**DATA:**
───

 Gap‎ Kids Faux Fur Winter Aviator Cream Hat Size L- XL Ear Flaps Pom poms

───

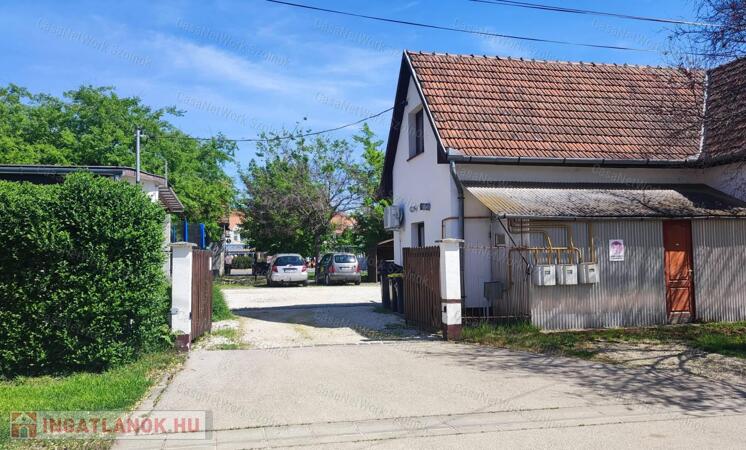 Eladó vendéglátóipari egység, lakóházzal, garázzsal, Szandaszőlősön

───

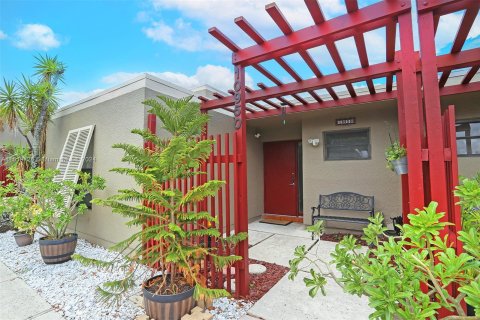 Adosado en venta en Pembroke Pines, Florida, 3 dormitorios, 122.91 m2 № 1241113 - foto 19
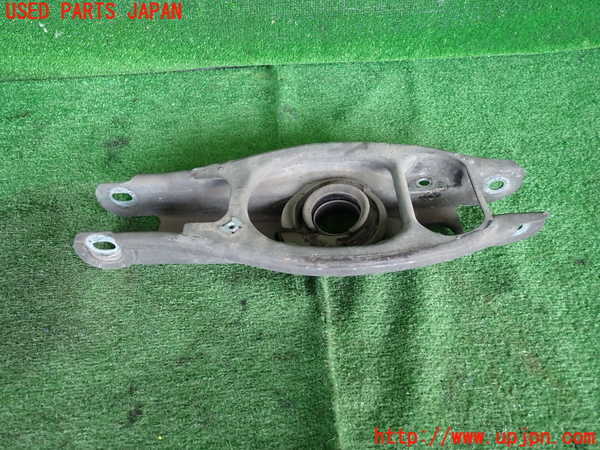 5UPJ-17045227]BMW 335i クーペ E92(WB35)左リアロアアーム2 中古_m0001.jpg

───

After locating the line containing "Adosado en venta" in the entries above, return it and every line after it exactly, ending at the line containing "5UPJ-17045227]BMW 335i クーペ", without pictures.

 Adosado en venta en Pembroke Pines, Florida, 3 dormitorios, 122.91 m2 № 1241113 - foto 19
 5UPJ-17045227]BMW 335i クーペ E92(WB35)左リアロアアーム2 中古_m0001.jpg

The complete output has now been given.